October 20, 2014

Web-Era Trade Schools, Feeding a Need for Code

Tamar Lewin  /  New York Times

Coding boot camps teach trade for a digital age

A new educational institution, the coding boot camp, is quietly emerging as the vocational school for the digital age, devoted to creating software developers.

These boot camps reflect the start-up ethic: small for-profit enterprises that are fast (classes are two to four months), nimble (revising curriculum to meet industry needs) and unconcerned with SAT scores or diplomas. Most are expensive, but some accept a share of the graduates' first-year earnings or a finder's fee from employers as payment.
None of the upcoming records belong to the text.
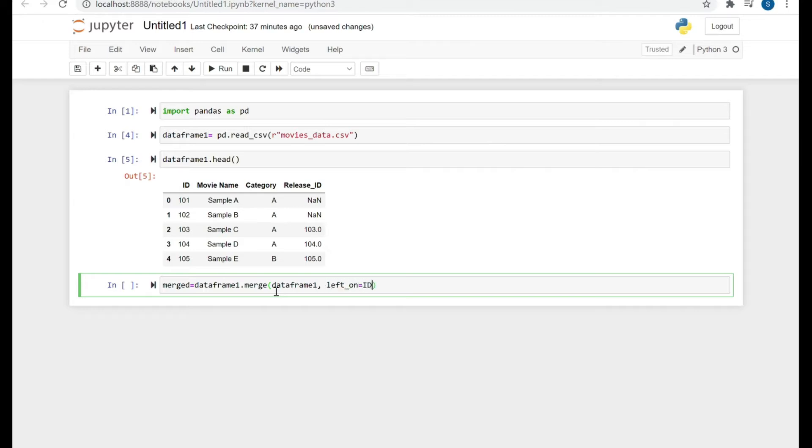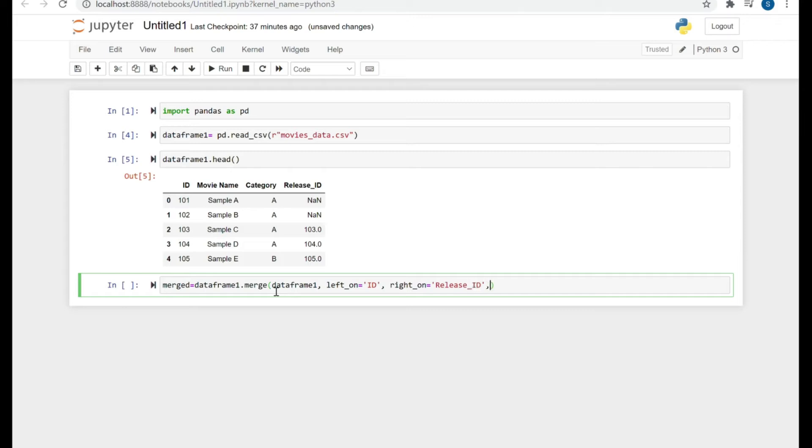And the left column we're going to specify here as ID, and the right one we want to specify here as Release ID. So whenever there's a match on ID and Release ID, we want to have a join and get the corresponding row.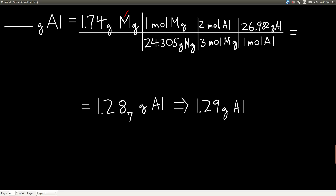Grams of magnesium cancel, moles of magnesium cancel, moles of aluminum cancel, and we end up with grams of aluminum — which is what we want. Our starting value, 1.74 grams of magnesium, has three sig figs. The molar masses 24.305 and 26.982 each have five sig figs, and the coefficients 2 and 3 are exact numbers, so we're left with three sig figs. Our final answer is 1.29 grams of aluminum.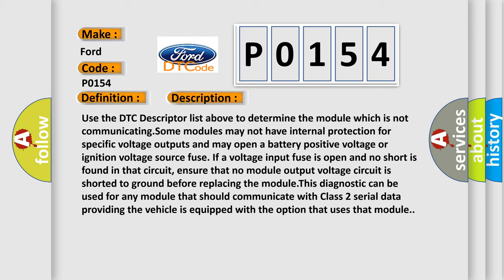ensure that no module output voltage circuit is shorted to ground before replacing the module. This diagnostic can be used for any module that should communicate with Class 2 serial data, providing the vehicle is equipped with the option that uses that module.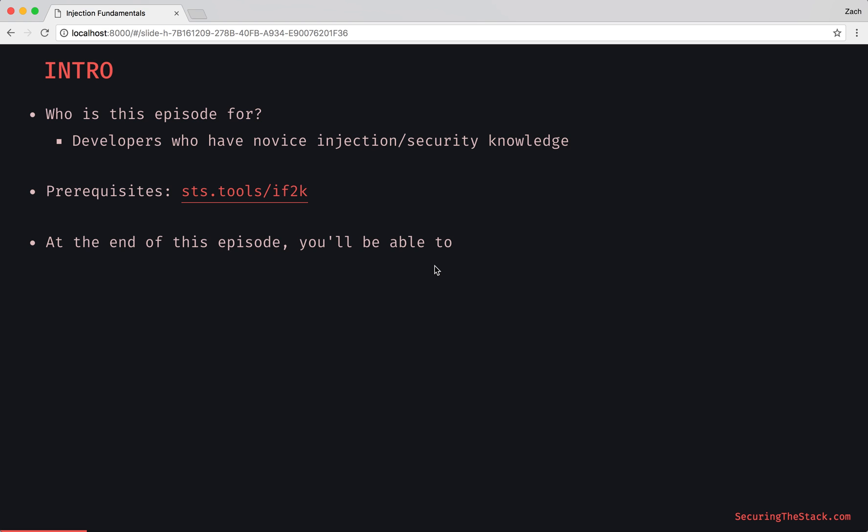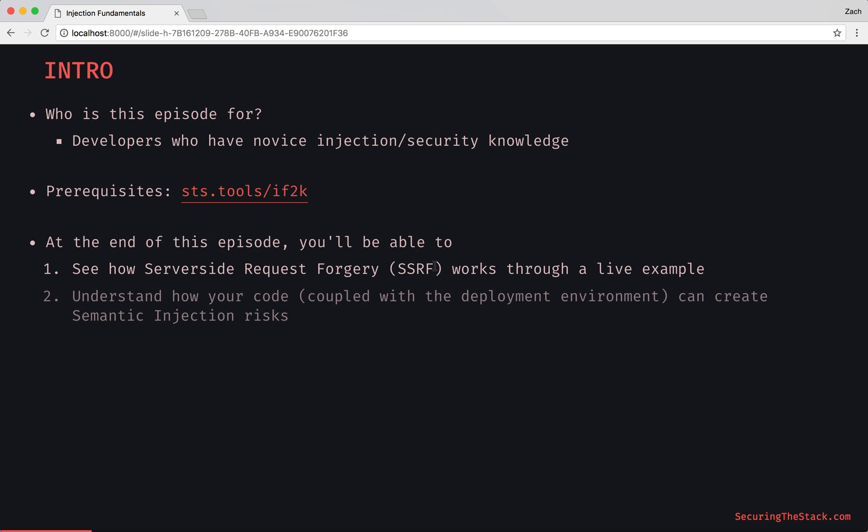At the end of this episode, you'll be able to see how server-side request forgery works through a live example. We'll go on a scavenger hunt, injecting a local Docker container and finding a sensitive file.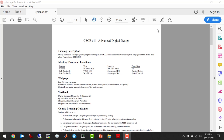Welcome everyone to CSCE 611. If you're in the wrong room, just give it like a 5 Mississippi and then you can discreetly leave and no one will notice.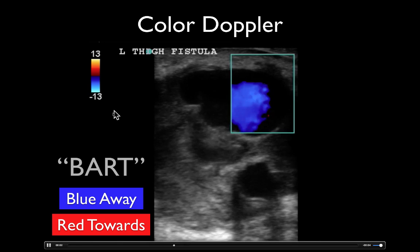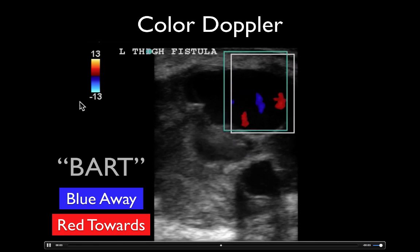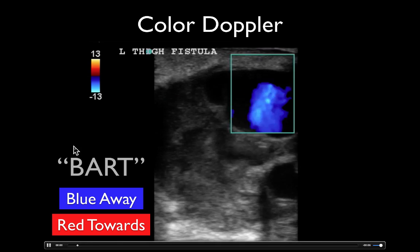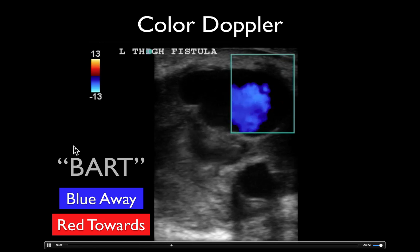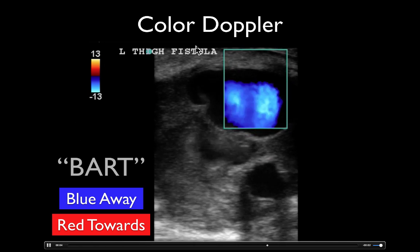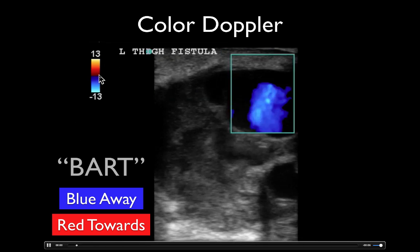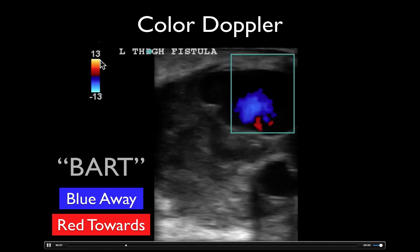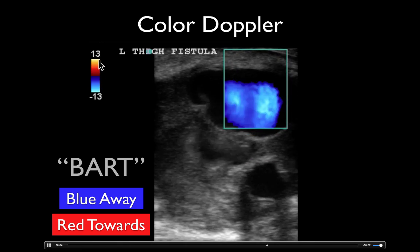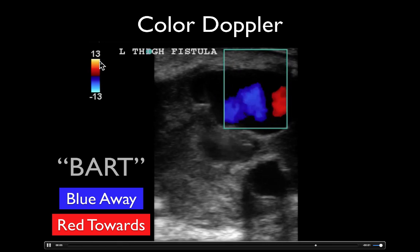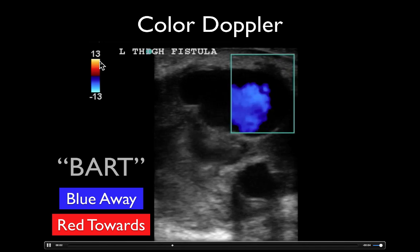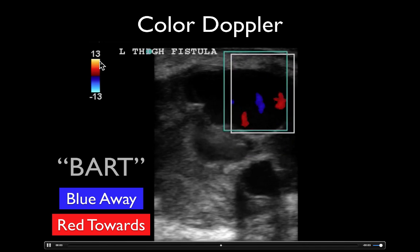What we see on the machine we call BART — blue away, red towards. So if we place the probe here, we've got a scale: blue means flow going away from the probe, red means flow coming towards the probe.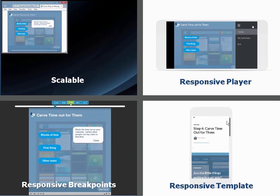Each of the four options has different advantages and disadvantages, so be sure to think about what matters most to you before making your selection.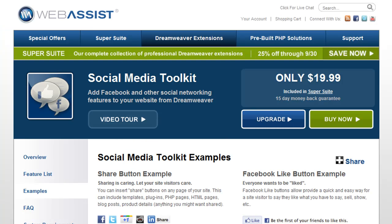So that's it for Social Media Toolkit 2. This new version now supports Google Plus and LinkedIn share buttons, Facebook activity and recommendations feeds, and some fantastic usability improvements for working with templates, dynamic pages, or plugins. This extension gives you everything you need to add social media interaction on your website.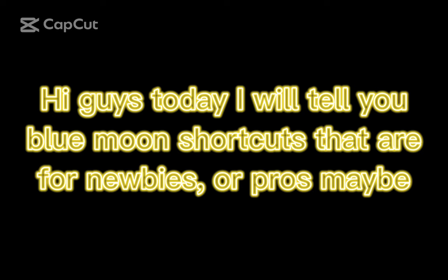Hi guys, today we'll tell you Blue Moon shortcuts that are for newbies or pros maybe.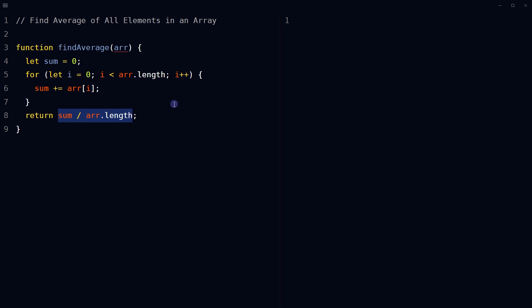After the loop ends, calculate the average of all elements in the array by dividing the sum by the length of the array, and return the calculated average.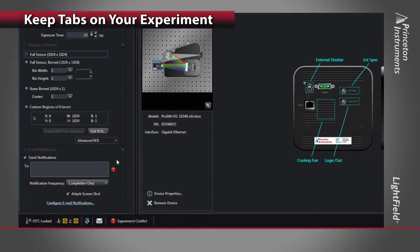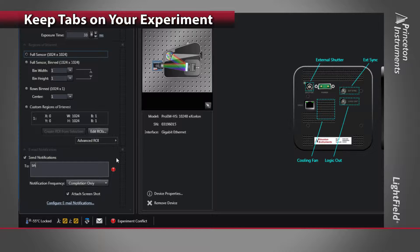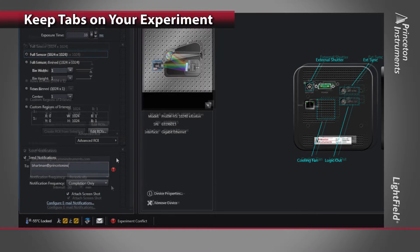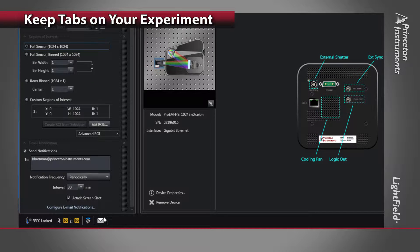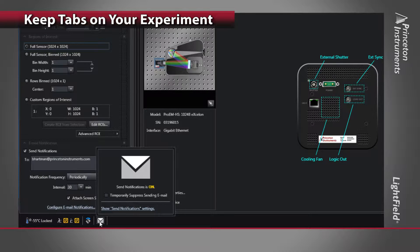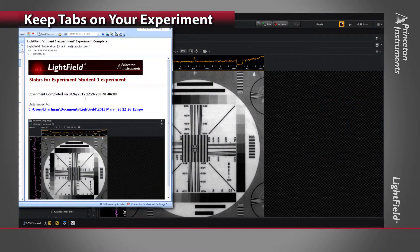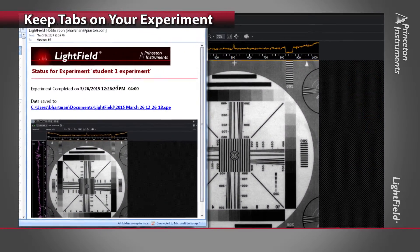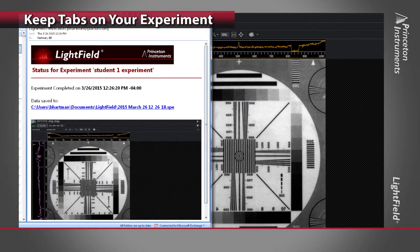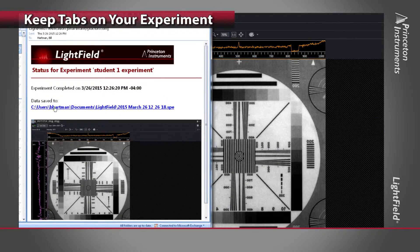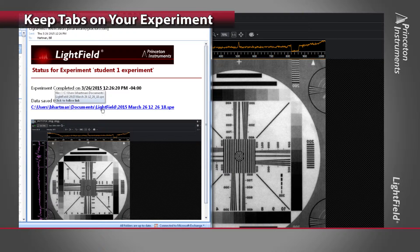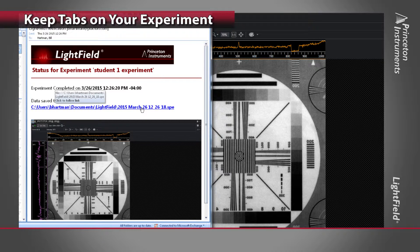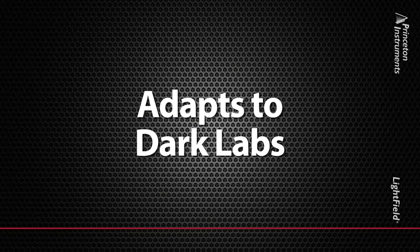Spending long hours in the lab running your experiment? Lightfield allows users to run experiments unattended thanks to built-in email support. Simply set up the email notification option to get regular updates on the progress of your experiment right on your mobile phone. Lightfield also sends a screen capture of the data window and a link to the data file for quick review. You can even send emails to multiple users on your team.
Most important, at a time when so many young people are underemployed, most graduates, especially those from highly selective boot camps, quickly find well-paying jobs. In a recent survey of 48 boot camps, Course Report, an online boot camp directory, found that three-quarters of graduates were employed, with raises averaging 44 percent from their pre-boot camp pay and an average salary of $76,000.

Enrolling 20 to 40 students at a time, many boot camps have venture capital backing; in May, Dev Bootcamp, which started here and expanded to New York and Chicago, was bought by Kaplan, the educational services company.

With trade schools out of fashion, for-profit colleges often dismissed as expensive dropout factories, and community college students failing to graduate a majority of their students, the rise of boot camps over the past two years is challenging assumptions about higher education, at least for some smart, highly motivated people.

In Charleston, South Carolina, immersive courses are offered by the for-profit Iron Yard Academy and through the public-private Charleston Digital Corridor. 60 such schools have been started across the nation since 2012, attracting students with the promise that anyone –- even someone without a computer background –- who works hard can learn enough to qualify for a job developing software in an industry desperate for programming talent.

On one recent evening at Dev Bootcamp, where class officially ended at 6 p.m. and faculty members were long gone, a sixth-floor classroom was still humming at 9, filled with students sitting in pairs, working on their projects. "It's a lot of hours, it's exhausting, and each week I think I can't do it anymore," said Shakrah Yves, 31, who three months ago was working as a seamstress. "But each week I learn so much, and it's so exciting to be able to build your own app."

Most boot camps charge $1,000 a week or more, and attract a mix of career changers –- lawyers, consultants, artists –- and students who left college to learn to code, looking for a fast track to a well-paying career.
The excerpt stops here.